Friday, October 23, 2009

Roles of Mothers in Disney Media


In this weeks reading, Are Disney Movies Good For Your Kids?, Giroux brings to light the values that are portrayed in Disney movies that the public, specifically parents of young kids, may not know. In Wednesday’s class, we discussed how the heroes and heroines of most Disney movies come from unstable family backgrounds; most are either orphaned or have no mothers. There is much debate about the reasoning behind this phenomenon. In doing some research on this topic, I found that some allege that it comes from the guilt that Walt Disney had about the death of his own mother, Flora Call Disney. Some feminists believe that the absence of mothers in Disney movies it is to create dramatic interest in the main characters; if mothers were present to guide them, the plot would not be as interesting. Others believe that it is to show that a happy family does not have to consist of a traditional, cohesive family with a mother, father and a child. Such examples are Pinocchio having no mother, Belle in Beauty and the Beast having no mother, and Quasimodo’s mother being killed in The Hunchback of Notre Dame. To many of my peer’s dismay, I am not a big fan of Disney movies and in all honesty, cannot recall ever sitting through a whole one. I am therefore not familiar with the plot of any of Disney’s movies. As a kid, however, I was an avid watcher of Mary Kate and Ashley’s films and television series.

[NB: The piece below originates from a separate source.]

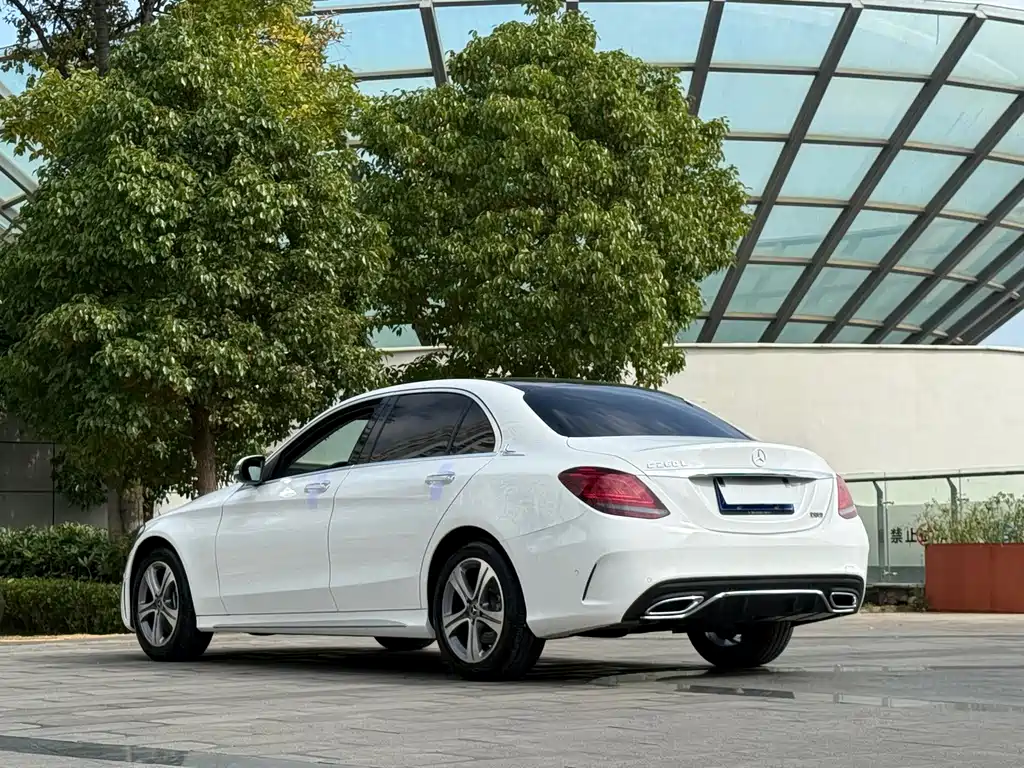 Mercedes-Benz C-Class — миниатюра 9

A recurring theme in the Olsen twins’ acts was the absence of a mother figure. One such show was Two of a Kind, which appeared on ABC Family in 1998 and 1999. ABC family is a cable television network currently owned by ABC Family Worldwide Inc., a division of The Walt Disney Company. In Two of a Kind, the main premise of the show is that Mary Kate and Ashley are being raised by a single father. Many of the episodes revolve around the feats that their dad faces raising a set of twins alone. Likewise, in their 1998 movie, Billboard Dad, the twins’ father is widowed and they decide to paint an advertisement on a giant billboard on Sunset Boulevard to find their dad a girlfriend. In the first, their mother is never mentioned and in the latter, their mother died.

While I was always aware of this theme of a mother’s absence in the Olsen’s movies and television shows, I was not cognizant of this overall theme of the lack of mothers’ roles in the media. Why is the media hating against mommas?